We have come to rely on audio to not only accompany, but to identify and inform both our physical and mental environments.
What role does music play in shaping a brand space?
Music in brand settings works in exactly the same way.
There is a disparity between the attention brands and retailers pay to how they look, as to how they sound. The branded experience begins at the door of the retail or event space. The layout, colour-scheme, lighting, and styling are important branding identifiers, but how the space sounds can have as big an impact as any of these visual factors.
In the physical space, audio can demarcate or ‘zone’ areas, setting them apart from their surroundings. It can mask background noise such as traffic, air conditioning or talking, and it can also create a cohesion between a brand’s identity and their physical store layout.
Music also affects behaviours, expectations and emotions in retail and event settings, and this is where a brand’s audio strategy is most important.
Music in this context can also be used to appeal to a target demographic, by specifically playing music that will resonate with their target audience, and communicate brand values. By playing certain genres or artists, they can piggyback on music’s cultural capital and can use it to say something about their own brand identity. When done effectively, audio used in this way can provoke feelings of inclusiveness and alignment with target demographic and create brand loyalty.
Additionally, audio serves the purpose of creating an atmosphere which can alter thinking patterns and behaviours. This can be seen through the subconscious matching of behaviours to audio cues such as tempo and volume (the faster, and louder your gym playlist, the faster you run).

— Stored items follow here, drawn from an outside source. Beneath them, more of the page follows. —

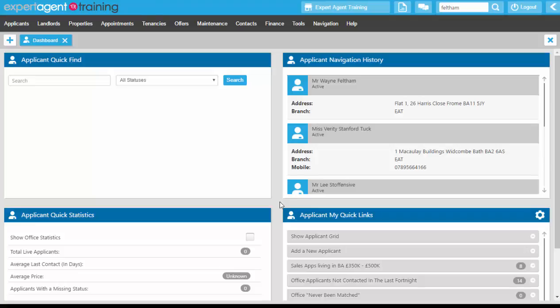One of the best places to process your matches from is the quick links. Now your quick links can be stored on your applicants dashboard,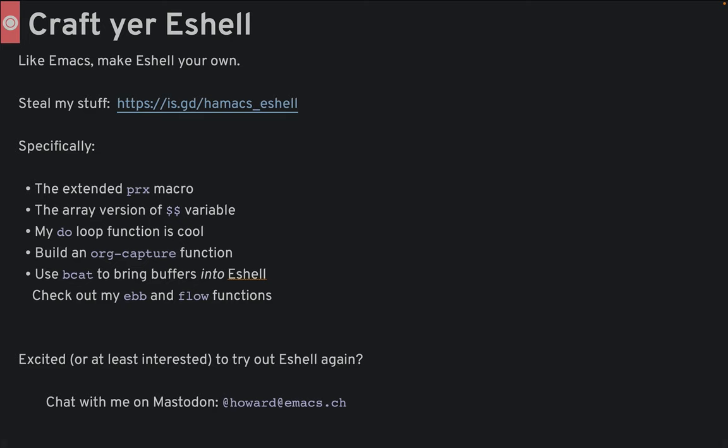So, steal my spells, cast your own magic, but feel free to share your incantations back to me. I've gone over my time allotment, so we'll have to continue this discussion on the inner tubes. Why, yes, I have joined the birdless diaspora. So, toot me over there. Thanks.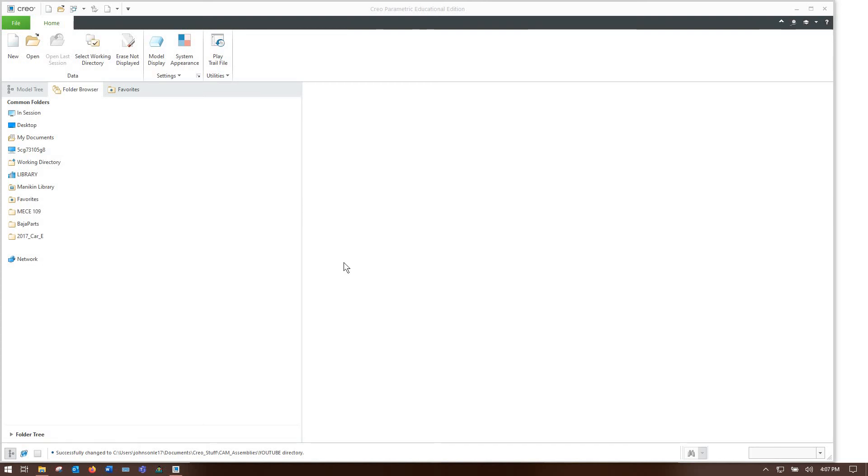Hello everybody and welcome to New Engineer on the Block. Today we're going to be working on some simple wire EDM programming using Creo Parametric.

When planning audio for a retail or event space, it’s also important to remember that it affects expectations and emotions. Audio must be appropriate for the context, so emotional response and expected behaviours must be considered in relation to audio planning. For example, a gym clothing store must consider if playing the same playlist that you listen to while in the gym will clearly communicate their brand identity, or if it will create an unappealing atmosphere where the loud, driving beats work against the expected behaviour (shopping), creating negative emotions in customers.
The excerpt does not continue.